Preacher kicked off its two-night premiere by starting what aims to be the best road trip since Road Trip, in grand fashion (I know that is in no way the best road trip story but it was easy to plug and maybe moderately funny… maybe? Someone chuckled). For starters, I’ve been to a lot of bars and sang a lot of songs, but that might be my favorite use of “Come on Eileen” ever. For serious. Nothing like kicking things off with a car chase filmed in a grindhouse manner, while cheesy music from the 80’s plays and your main characters sing along. Preacher does an excellent job of balancing its humor, however dark it may be, with its action and having the gang run out of gas was a nice way to allow the audience to know that this season is going to be bananas (b-an-an-as… I’m sorry). If last year was the prequel to the comic with small town hijinx and characters searching for redemption than season two looks to be a whole different animal filled with extremely violent action and a large landscape.
What makes this particular road trip different than most is that our core characters have nothing to return to. In the majority of road trip stories the characters eventually make it back home changed and filled with new life lessons, but what do you do if home literally exploded? I like the dynamic it adds to this narrative as there is literally nothing handcuffing Jesse, Tulip, or Cassidy from their pursuit of finding God, who has been frequenting a strip bar for it’s… jazz? Yeah, you read that correctly.

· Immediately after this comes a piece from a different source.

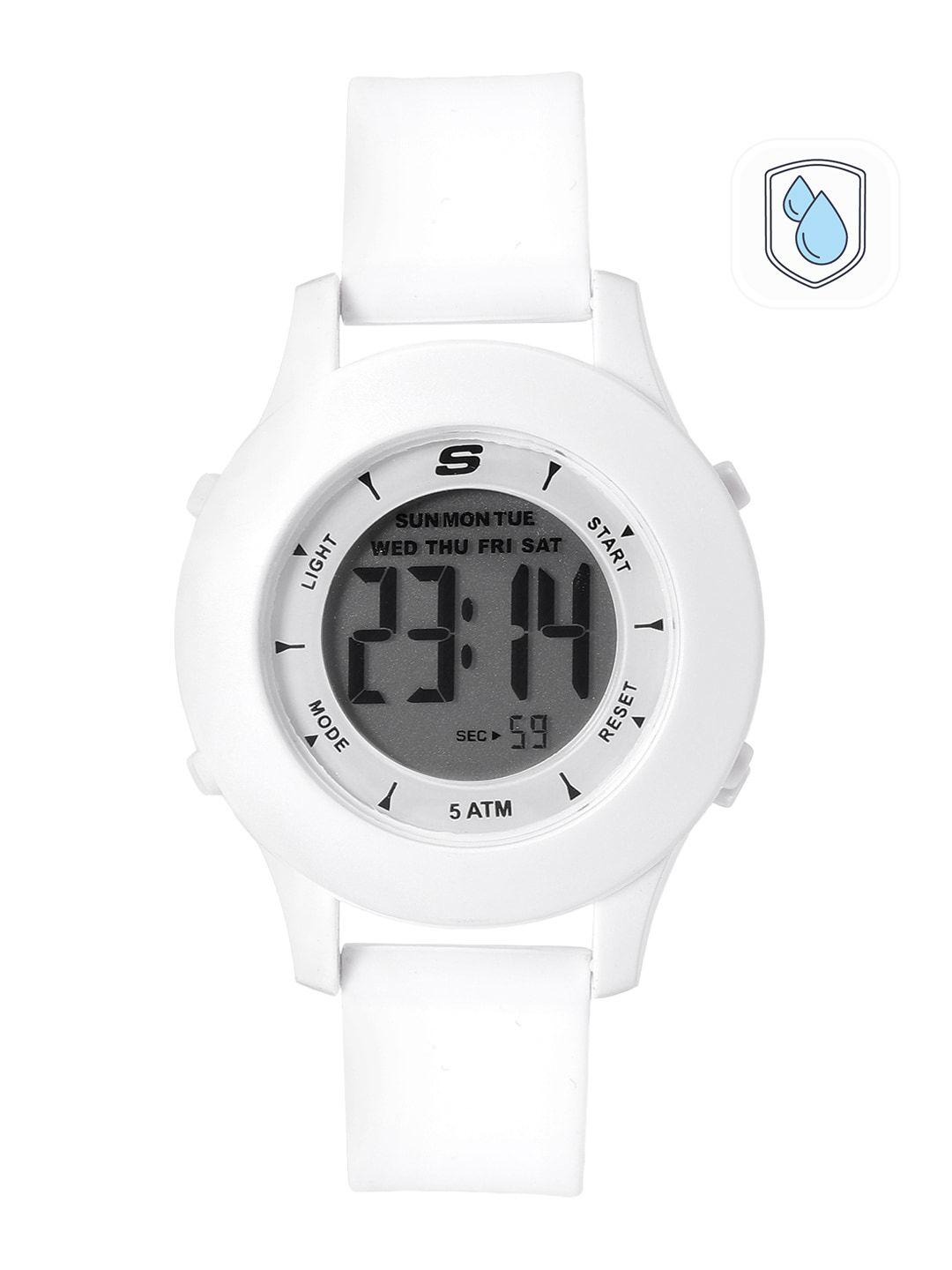 skechers women white dial & straps rosencrans digital watch sr6142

And that’s really our big mission for the season… finding God. Sounds like an easy task, right? I mean people have only been searching for him/her their entire lives. But sure, if you follow the jazz holes long enough then you’ll be sure to find God eventually. Clearly, he/her just wants to get their Miles Davis on, but as easy as this task sounds, the season would be all types of boring without some conflict and luckily we have the Saint of Killers (not a myth) to liven things up. A clear understatement as the scenes involving the Saint of Killers were all types of intensely violent. His introduction to the group as he systematically decimated those police officers (you see that dude’s head explode?!), the removal of tongues from seemingly innocent gas station attendees, destroyer of dogs and doors, car accident survivor, and sympathetic angel killer? That’s right, Fiore, who has been moonlighting as a novelty act in a casino since returning from hell (loved seeing that Breaking Bad scenery again which could further prove the theory that all AMC shows are connected) where he kills himself and regenerates over and over again much to the delight of his audience. Little do these bloodthirsty savages know that Fiore is in some serious pain and misses his best friend, DeBlanc, the angel that died in hell last season. Luckily the Killer of Saints finally puts him out of his misery, his bullets are legit, and we now have lost all our ties to first season characters who aren’t Jesse, Tulip, or Cassidy.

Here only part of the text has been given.